1929. 28 июня. Буска

Катя любимая, Катя, родная моя, спасибо тебе и Нинике за два ваших дивных письма, пришедших как раз утром 4/17 июня, в день моего рождения. Как я был счастлив узнать, что Ниника благополучна, что ребенок [201] сильный и рыженький и похож на меня. Я горд, клянусь. Когда я рассказывал здесь обо всем этом моему польскому другу, скрипачу К., мы вместе весело смеялись на словечки моих внуков (ужели воистину у нас есть внуки, Катя?) о их новом братишке, а Елена, не без некоторой ревности, сказала, что впервые она увидала на моем лице «выражение радости счастливого дедушки». И все-таки: внуки у меня есть, и я счастлив этим, но, однако, и все-таки я не дедушка.

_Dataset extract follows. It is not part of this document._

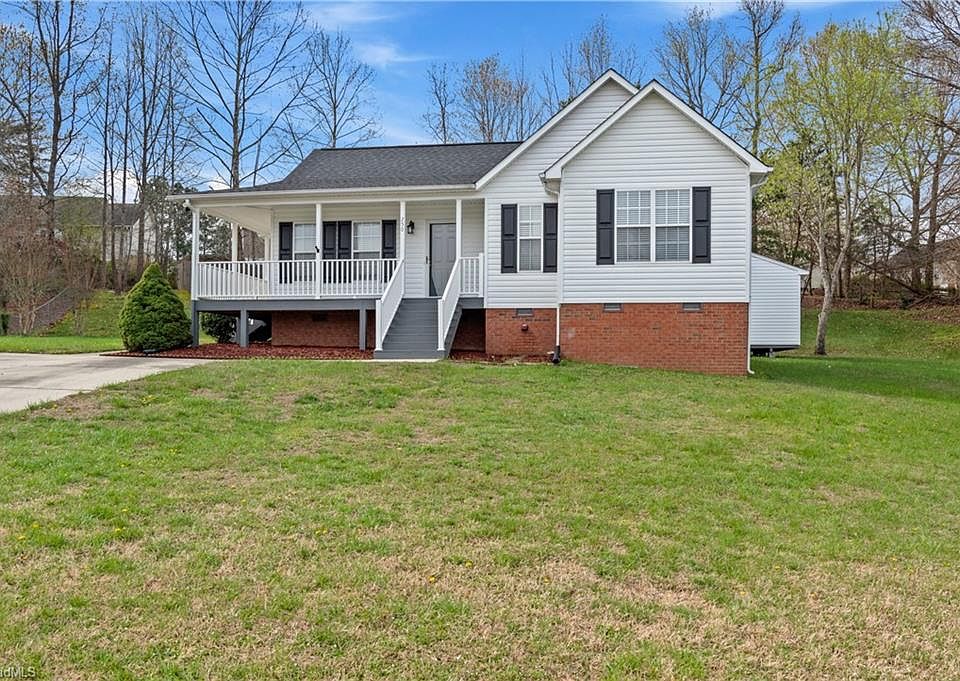 1st image of 250 Cloverfield Ct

И отцом-то, увы, я себя редко чувствую. Милая, я шлю тебе и Нинике эдельвейсы с Шипки, подаренные мне болгарским учителем, композитором, собирателем болгарских народных песен, он также учит музыке слепых. Шлю также очерк «В отъединении». Думаю, что он дойдет до тебя. Мне хочется притом сказать то, что иногда больно встает в моей душе: мне кажется, что мы за рубежом не чувствуем и не понимаем многого из того, что сейчас происходит в России. Ты знаешь, я слишком поэт и только поэт, чтоб заковаться в какую бы то ни было формулу. Хоть бы на миг увидать вас всех и деревенскую Русь. Целую тебя. Твой К.